---- Supplied material
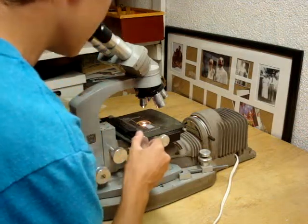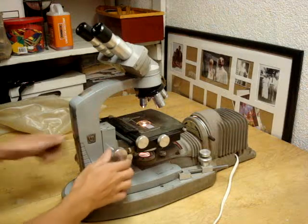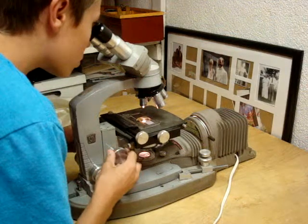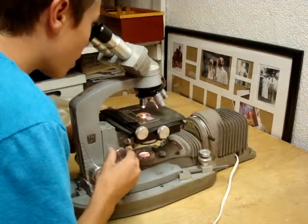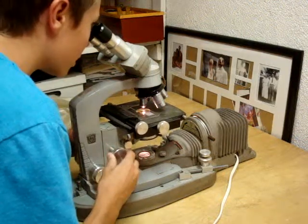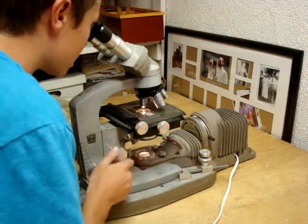Mine has knobs to center it on the side. Then what you use is you use the coarse adjustment to find where the specimen is that you're looking at. And right there is the specimen.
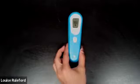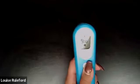Aim the thermometer at the center of the forehead, approximately one inch away. Then, press the button to take a temperature. You will hear a beep once it has completed.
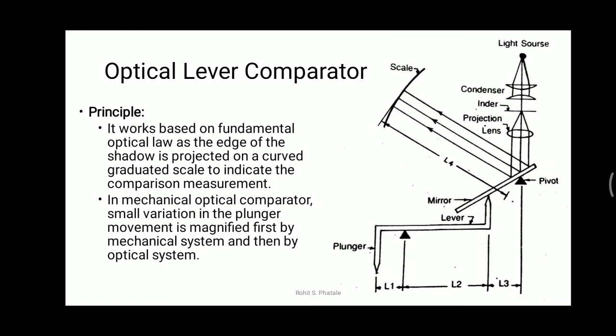This is one type of optical lever comparator. It is known as the optical mechanical comparator because we are using a mechanical lever. The light source, lenses, and mirror are parts of the optical system, while the lever, linkages, and plunger are parts of the mechanical system. It is a combination of both optical and mechanical systems — that's why it is called an optical mechanical comparator.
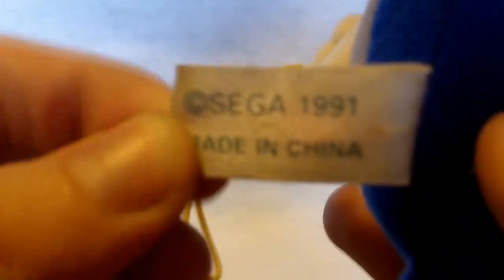Here's the tag: Sega Sonic the Hedgehog, and on the back, Sega 1991. So this is a very early plush.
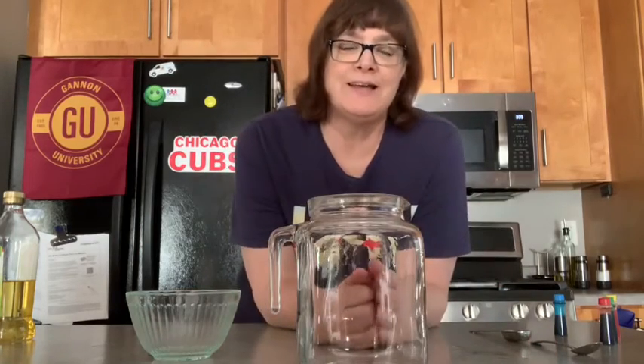Hi friends! Welcome back. Remember last week when we did that science experiment where the heat made the balloon rise?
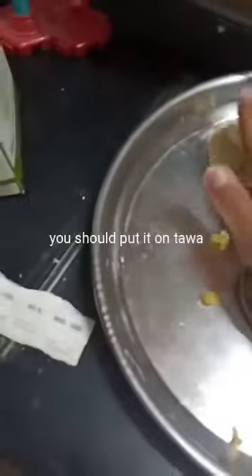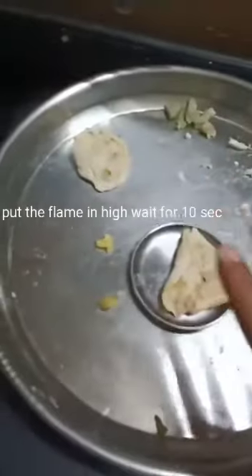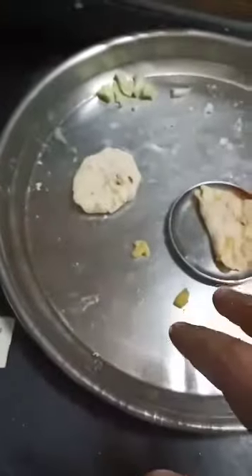I think this is a pan. Put it on like that and you should wait for about 10 seconds, then 1 minute, then you should flip it and again wait for 10 seconds. That's all, it is ready — the Gobi parathas are ready!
--------
**Task prompt**
Would you repeat exactly, and only, the lines from the start of the records above through the line containing "Aim the thermometer", with the pictures omitted?

**Your solution**
Mine has knobs to center it on the side. Then what you use is you use the coarse adjustment to find where the specimen is that you're looking at. And right there is the specimen.
Aim the thermometer at the center of the forehead, approximately one inch away. Then, press the button to take a temperature. You will hear a beep once it has completed.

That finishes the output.